**Work required**
In the records below, find the line containing "New 1.2 V AA" and the line containing "UFO Egg Bacon". Give again exactly those lines and every line between them, omitting the pictures.

**Data excerpts**
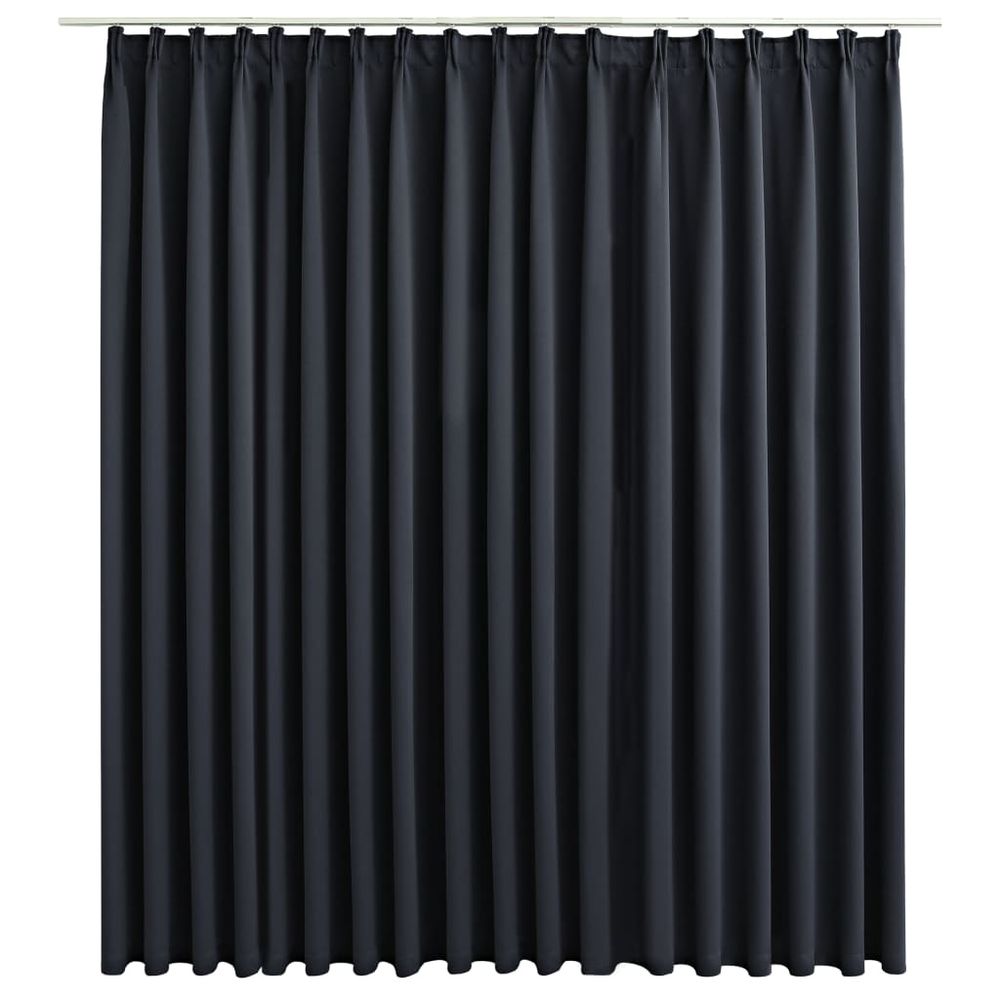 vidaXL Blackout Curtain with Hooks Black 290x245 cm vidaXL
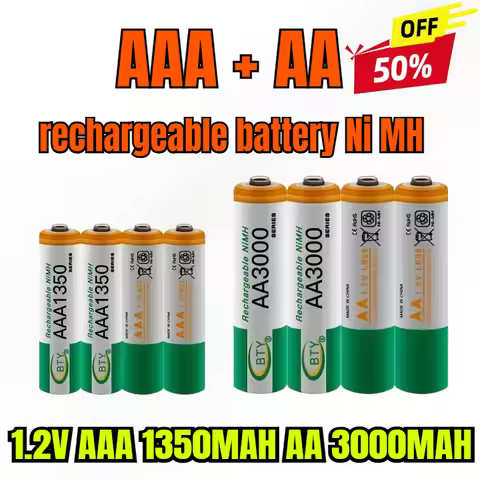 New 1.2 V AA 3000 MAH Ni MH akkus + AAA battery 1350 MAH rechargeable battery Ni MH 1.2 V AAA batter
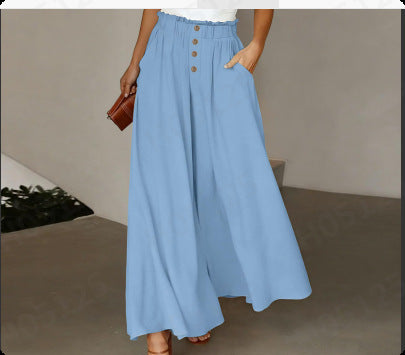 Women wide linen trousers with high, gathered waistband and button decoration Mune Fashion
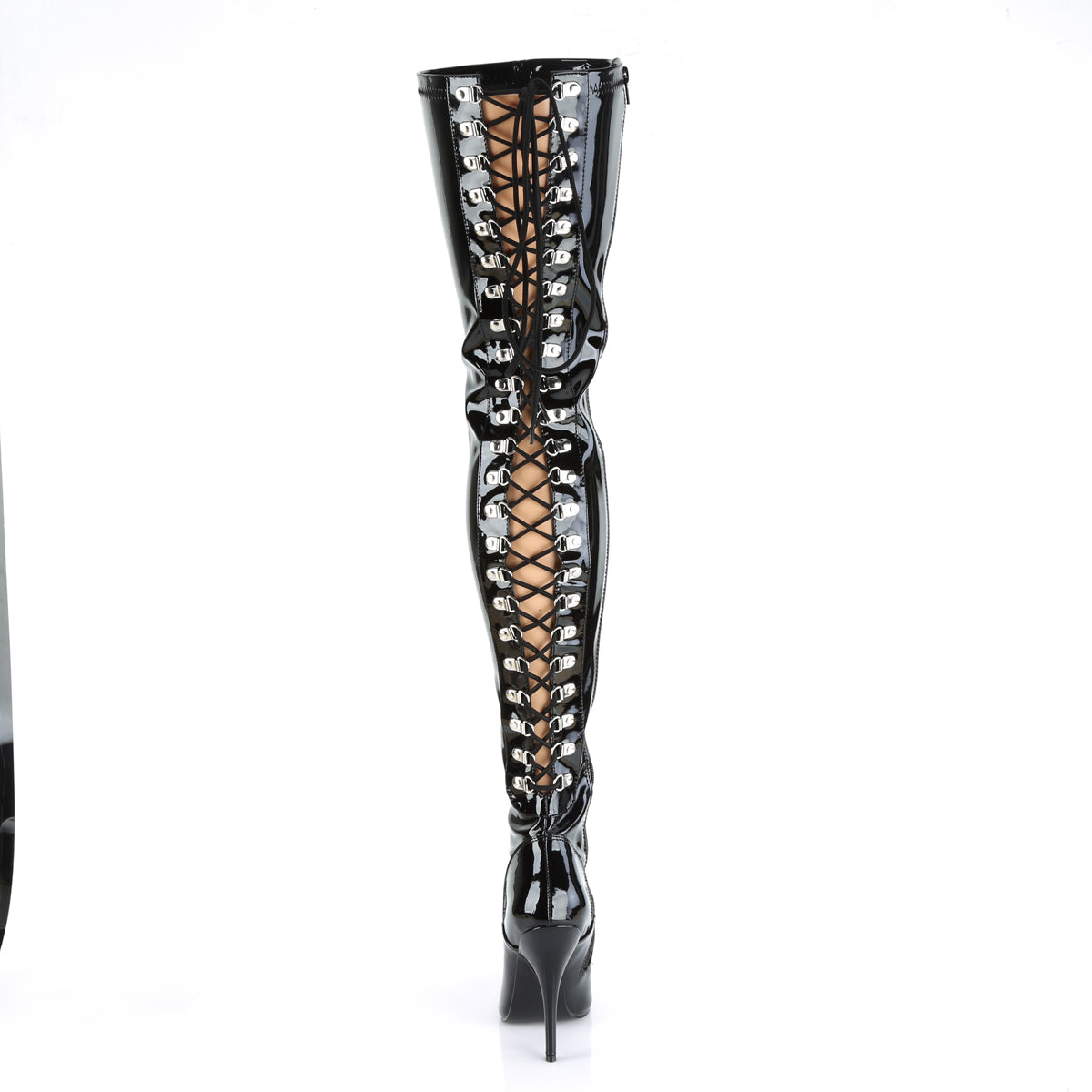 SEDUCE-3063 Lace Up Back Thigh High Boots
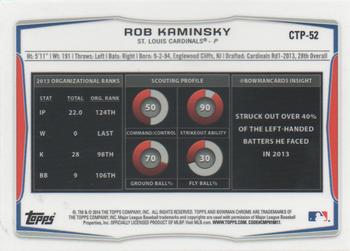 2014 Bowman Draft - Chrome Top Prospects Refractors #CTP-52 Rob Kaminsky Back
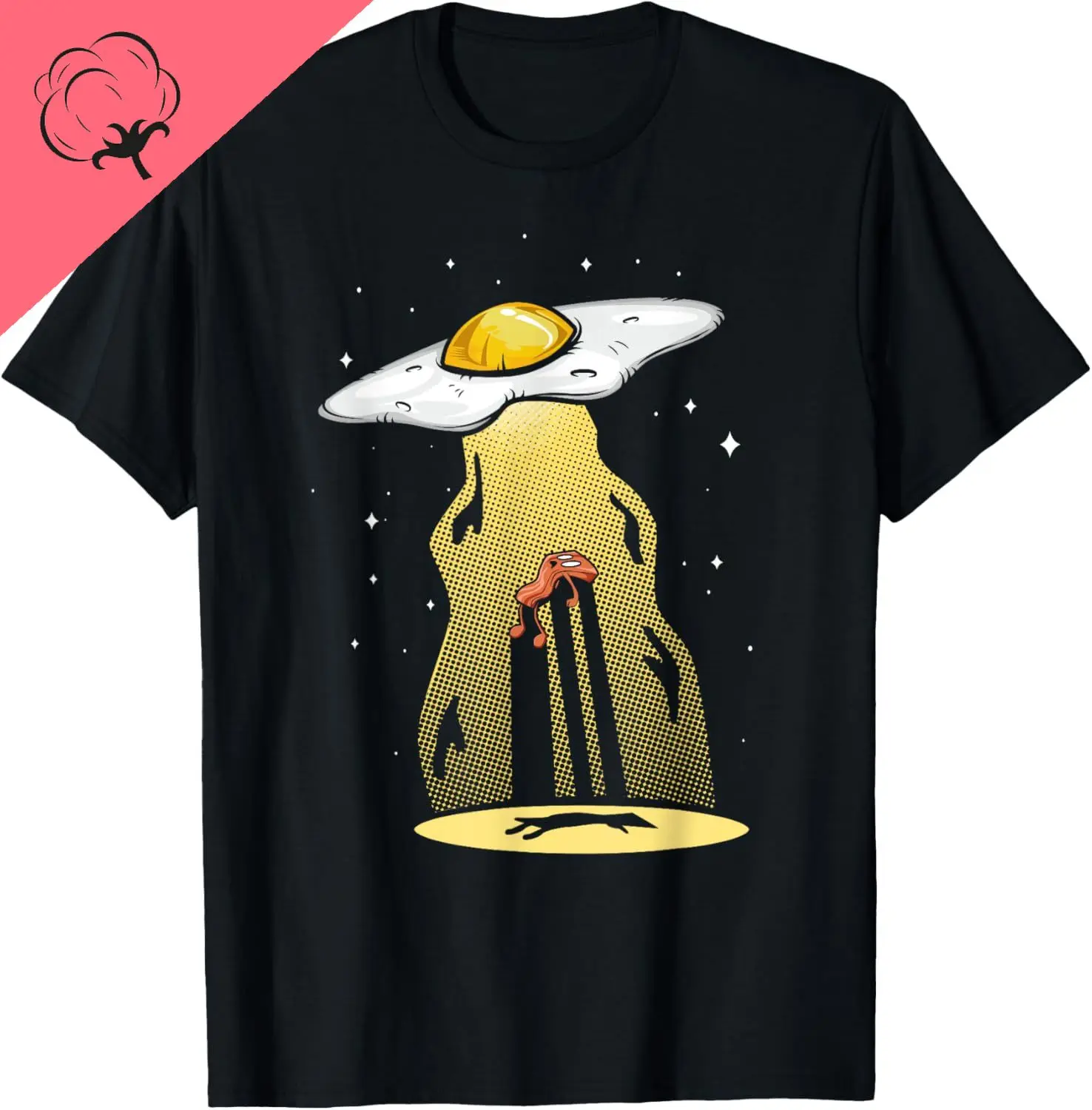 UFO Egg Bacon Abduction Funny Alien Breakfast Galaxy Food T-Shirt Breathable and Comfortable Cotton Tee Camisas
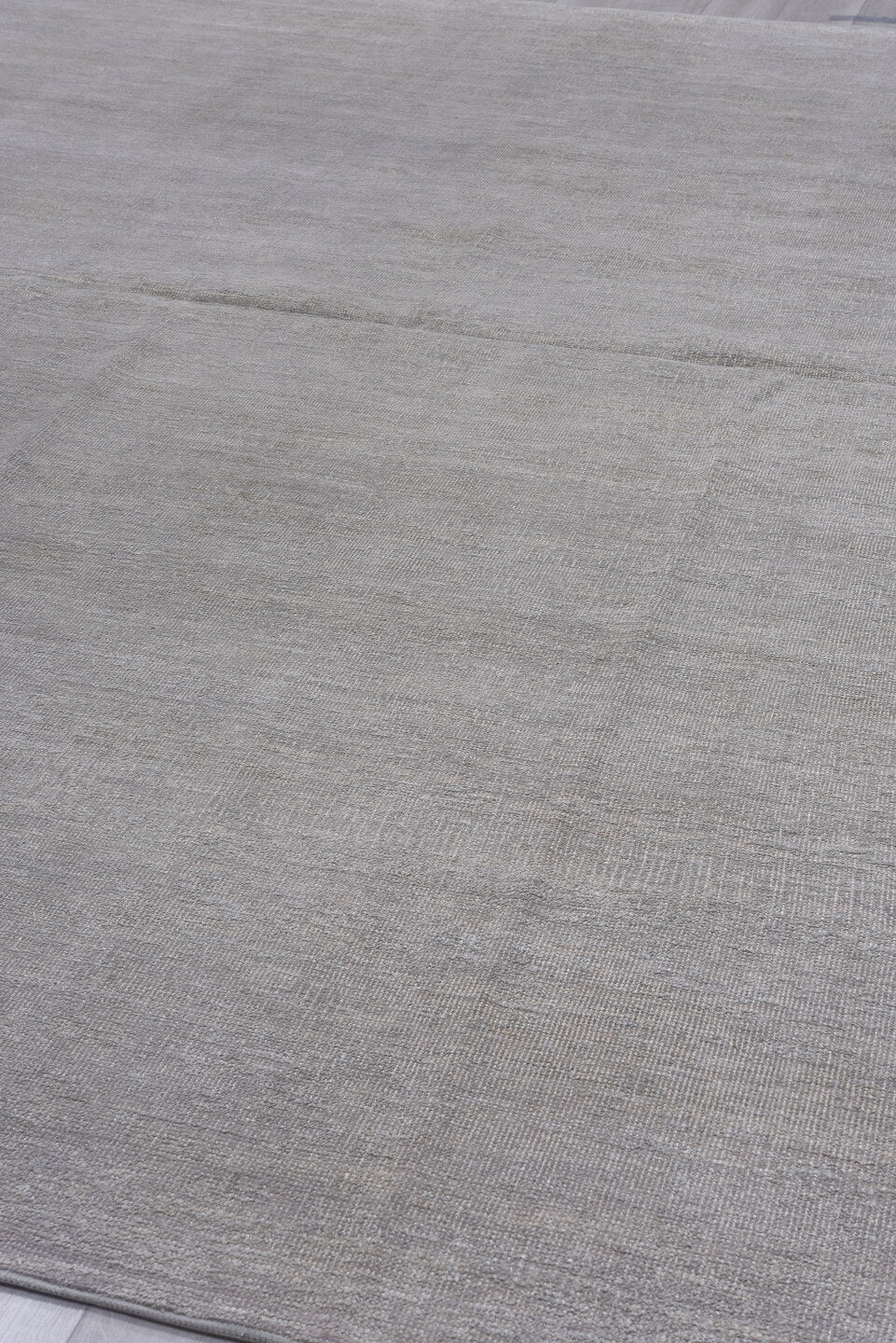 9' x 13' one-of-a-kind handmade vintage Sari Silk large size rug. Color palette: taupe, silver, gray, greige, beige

**Response to this exercise**
 New 1.2 V AA 3000 MAH Ni MH akkus + AAA battery 1350 MAH rechargeable battery Ni MH 1.2 V AAA batter
 Women wide linen trousers with high, gathered waistband and button decoration Mune Fashion
 SEDUCE-3063 Lace Up Back Thigh High Boots
 2014 Bowman Draft - Chrome Top Prospects Refractors #CTP-52 Rob Kaminsky Back
 UFO Egg Bacon Abduction Funny Alien Breakfast Galaxy Food T-Shirt Breathable and Comfortable Cotton Tee Camisas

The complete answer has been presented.